Back at the memorial service, faces I knew and faces I always wondered about filled the shop a hundred people deep. I was nervous to see anyone who recognized me, but as it goes in small communities, once you’ve left your mark, a hug awaits you around every corner.
Matt’s best friend came up to me.
“Sasya, you won’t believe who’s here,” and he led me around a crowd of people.
Standing before me was our surfing friend, David. I ran into him for a hug as I started to cry. “They found you. You got my emails.”
David shook his head in grief, “I can’t believe it,” he said in the same shock I had had for a month already. “Wait, what emails?”
“You didn’t get my emails? I was emailing surfers in Mexico to find you. They didn’t tell you? Then how did you know to come?”
David explained that he had had problems with his Achilles' tendon, (which ironically to me had been Matt’s same physical issue when I had first met him), and that he had come back into the Valley for one day and night to see his doctor. He had driven into town for dinner and someone had said to him, “Hey, you going to that thing for Matt?”

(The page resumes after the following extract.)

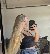 Trista, 29, Jyllinge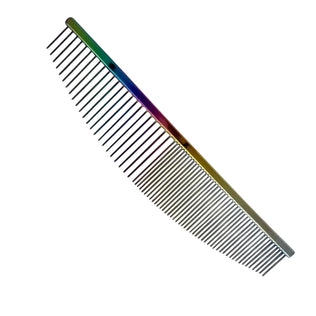6.5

David said, “What is Matt having?”
I cried wondering if Matt was up there orchestrating this all.
Moments later, while I stood in a circle of women blubbering about how strange it was that David had shown up, Matt’s Aunt Sarah came up to me.

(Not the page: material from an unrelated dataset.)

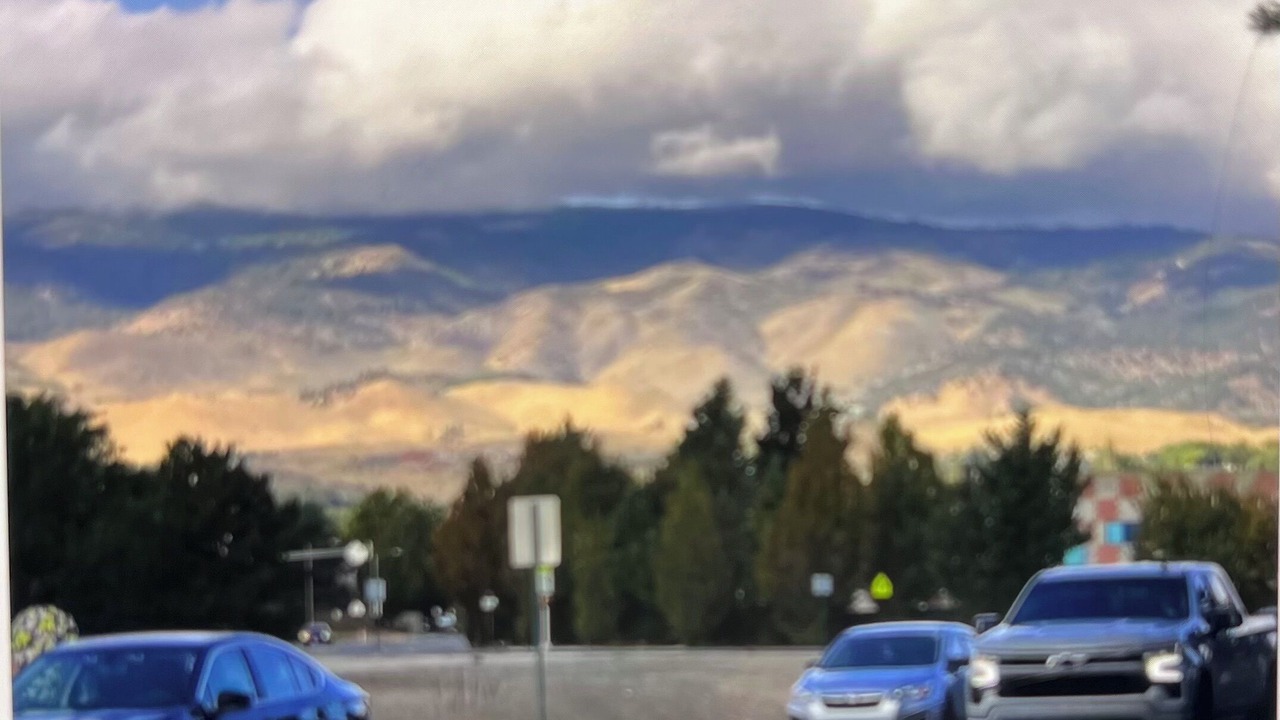 Photo of Others in Reno/Tahoe Airport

“Sasya, this is Katy. I think you two would have a lot in common, you should talk.” Katy was one woman that I didn’t recognized from the Valley, which meant nothing since it had only been my second summer here.
“Katy, I need to eat. Let me grab something.”
I trusted Matt’s Aunt Sarah that she wouldn’t give me something I couldn’t handle. I also trusted her because it was one of the few relatives in Matt’s family that he had recently grown close to during a time when he started to separate himself from so many others.